Fran Sabina

Personal information
- Full name: Francisco Miguel Sabina Rodríguez
- Date of birth: 22 September 2003 (age 22)
- Place of birth: Santa Cruz de La Palma, Spain
- Height: 1.80 m (5 ft 11 in)
- Position: Forward

Team information
- Current team: Alcorcón (on loan from Tenerife)

Youth career
- Atlético Tacoronte
- Sporting Tenerife
- Tenerife

Senior career*
- Years: Team / Apps / (Gls)
- 2022–2024: Tenerife C / 50 / (46)
- 2023–2026: Tenerife B / 42 / (14)
- 2024–: Tenerife / 11 / (0)
- 2026–: → Alcorcón (loan) / 0 / (0)

= Fran Sabina =

Spanish footballer

Francisco Miguel "Fran" Sabina Rodríguez (born 22 September 2003) is a Spanish footballer who plays as a forward for AD Alcorcón, on loan from CD Tenerife.

==Career==
Born in Santa Cruz de La Palma, Canary Islands, Sabina represented Atlético Tacoronte, SC Tenerife and CD Tenerife as a youth, and made his senior debut with the latter's C-team in the Interinsular Preferente de Tenerife in 2022. In August 2023, he spent the pre-season with the main squad, and renewed his contract until 2026.

Sabina started to feature with the reserves during the 2023–24 season, helping the side to achieve promotion to Segunda Federación. He made his first team debut on 19 October 2024, coming on as a second-half substitute for Enric Gallego in a 4–0 Segunda División away loss to Granada CF.

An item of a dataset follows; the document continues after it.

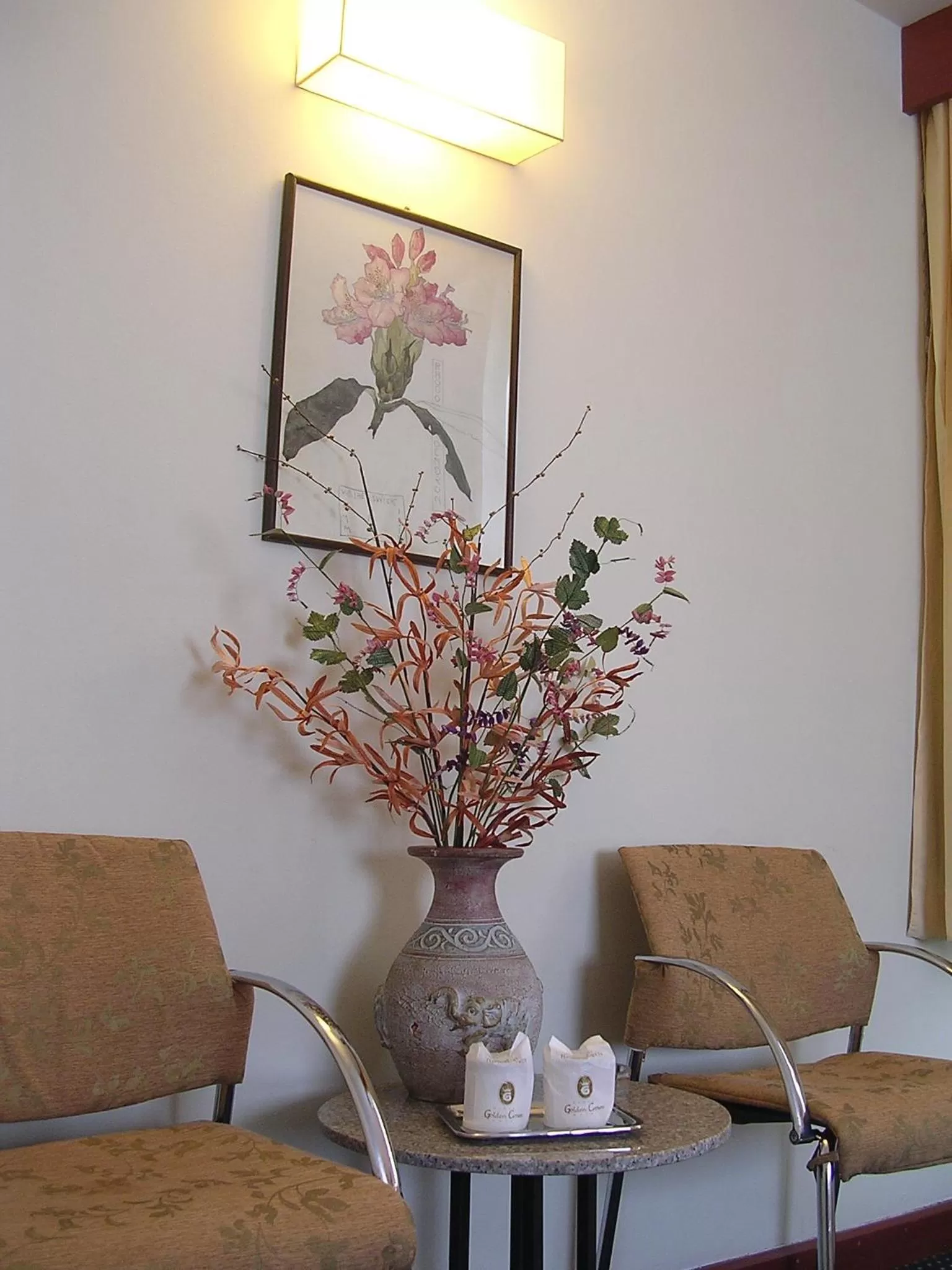 Area and facilities in Hatyai Golden Crown Hotel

Sabina began the 2025–26 campaign as a first team member in Primera Federación, but despite losing space after the arrival of Gastón Valles, he still renewed his contract until 2028 on 2 March 2026. On 13 August, after returning to division two at first attempt, he was loaned to third tier side AD Alcorcón for one year.

==Personal life==
Sabina's father, also nicknamed Fran, was also a footballer and a forward. He never featured in any higher than Segunda División B, notably representing UD Vecindario.